### TASK TO CARRY OUT
Once the line containing "Bestway Steel Pro" is found in the entries below, restate it and each following line word for word, stopping after the line containing "Guess PU Fixed".

### DATA SHOWN
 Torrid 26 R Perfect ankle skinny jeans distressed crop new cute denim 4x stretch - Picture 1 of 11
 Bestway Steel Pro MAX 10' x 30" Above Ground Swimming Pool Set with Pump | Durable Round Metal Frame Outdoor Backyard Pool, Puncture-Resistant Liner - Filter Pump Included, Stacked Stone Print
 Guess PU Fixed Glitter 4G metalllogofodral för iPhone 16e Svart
* * *
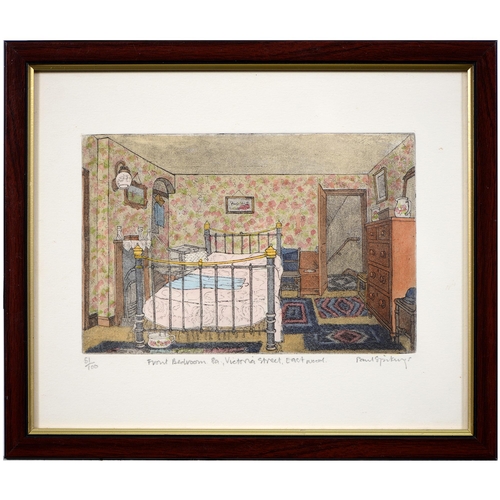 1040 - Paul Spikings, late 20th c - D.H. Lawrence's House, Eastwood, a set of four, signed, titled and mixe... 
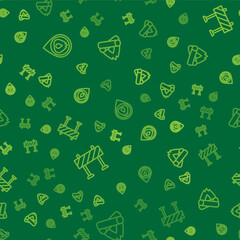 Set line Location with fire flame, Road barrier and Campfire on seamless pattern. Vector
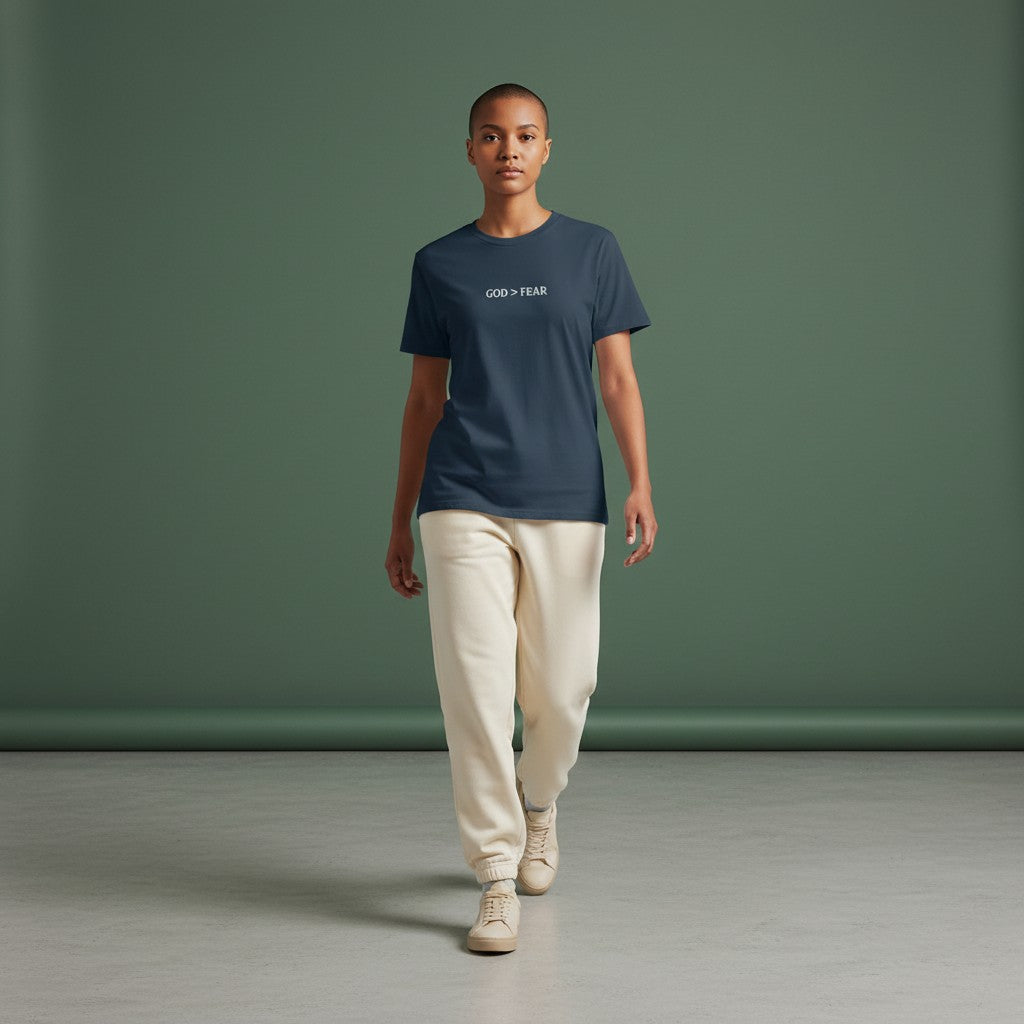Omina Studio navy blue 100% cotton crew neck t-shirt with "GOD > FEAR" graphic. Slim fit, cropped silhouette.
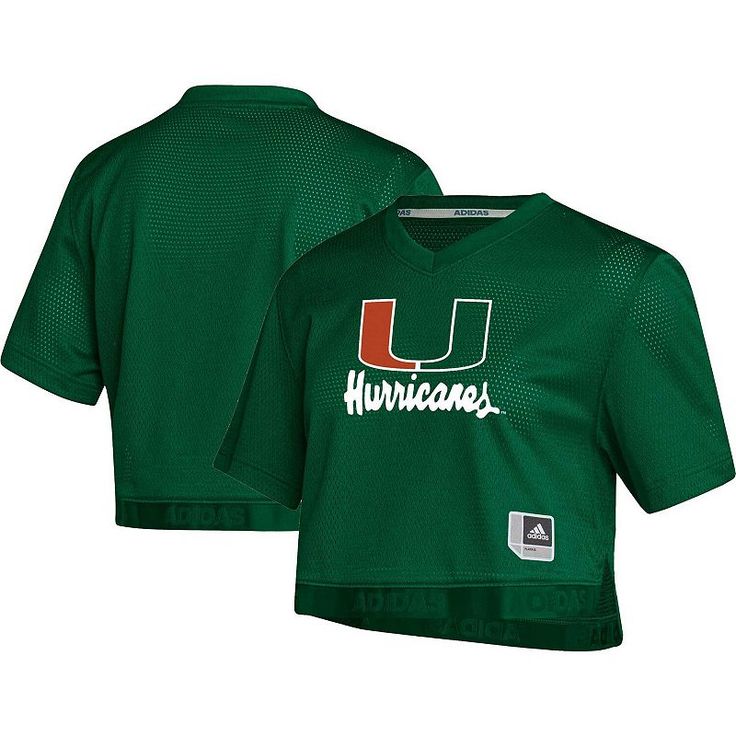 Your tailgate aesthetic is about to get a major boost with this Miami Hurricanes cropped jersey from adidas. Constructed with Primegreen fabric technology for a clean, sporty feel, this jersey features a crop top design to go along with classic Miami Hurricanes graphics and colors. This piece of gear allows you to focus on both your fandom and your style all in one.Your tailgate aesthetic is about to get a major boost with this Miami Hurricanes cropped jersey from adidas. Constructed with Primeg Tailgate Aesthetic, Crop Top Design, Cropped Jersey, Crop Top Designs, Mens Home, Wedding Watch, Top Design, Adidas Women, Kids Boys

### TASK OUTPUT
 Bestway Steel Pro MAX 10' x 30" Above Ground Swimming Pool Set with Pump | Durable Round Metal Frame Outdoor Backyard Pool, Puncture-Resistant Liner - Filter Pump Included, Stacked Stone Print
 Guess PU Fixed Glitter 4G metalllogofodral för iPhone 16e Svart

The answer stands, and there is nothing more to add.